New SDNP sites with completed feasibility studies and project documents for 1997 are:

Togo: no full connectivity to the Internet as of yet, but an proposal to connect four institutions via a host located at the Togolese Chamber of Commerce is in the pipeline.

Benin: a proposal for connecting 10 institutions representing multiple sectors with full IP connectivity has been submitted. It will also link with the other servers developed by the four existing ISPs: the Postes and Telecommunications Office, the Ministry of Planning and Economy, Eulodia and TDM.

SDNP Capacity Building

National capacity building is an integral component of all SDNP projects. Included here are: in-country workshops on Internet services, information management; international workshops such as SDNP's global workshops (India, 1994, Mexico, 1996), and sponsoring of African candidates for the annual INET training workshops; sites visits by SDNP staff and consultants for technical backstopping, specially for new sites managers. For example Chad's networking specialist travel to Tunis for training and the Gabonese Coordinator visited SDNP Morocco for management consultations.

A regional workshop for SDNP African nodes is now scheduled for November 1997 and will tackle, among others, issues related to content provision and information systematization, Web development, off-line access to Web resources and databases, promotion of SDNP services, training for decision makers and key members of civil society, and leveraging of resources to achieve sustainability.

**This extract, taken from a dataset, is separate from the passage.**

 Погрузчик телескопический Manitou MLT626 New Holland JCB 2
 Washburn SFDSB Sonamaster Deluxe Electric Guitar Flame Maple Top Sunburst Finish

SDNP has also engaged in collaborative activities with other players interested in connecting the African continent to the Internet such as training of 30 participants to the Ghana workshop on networking organized by the University of Ghana, Legon, from 31 January - 14 February 1997. SDNP provided $ 50,000 for equipment (Servers, computers, routers, etc.), and recruitment of course instructors. UNESCO, ITU, and the American School of Physics were the other partners. This programme is likely to continue and eventually evolve into a regional activity for West Africa.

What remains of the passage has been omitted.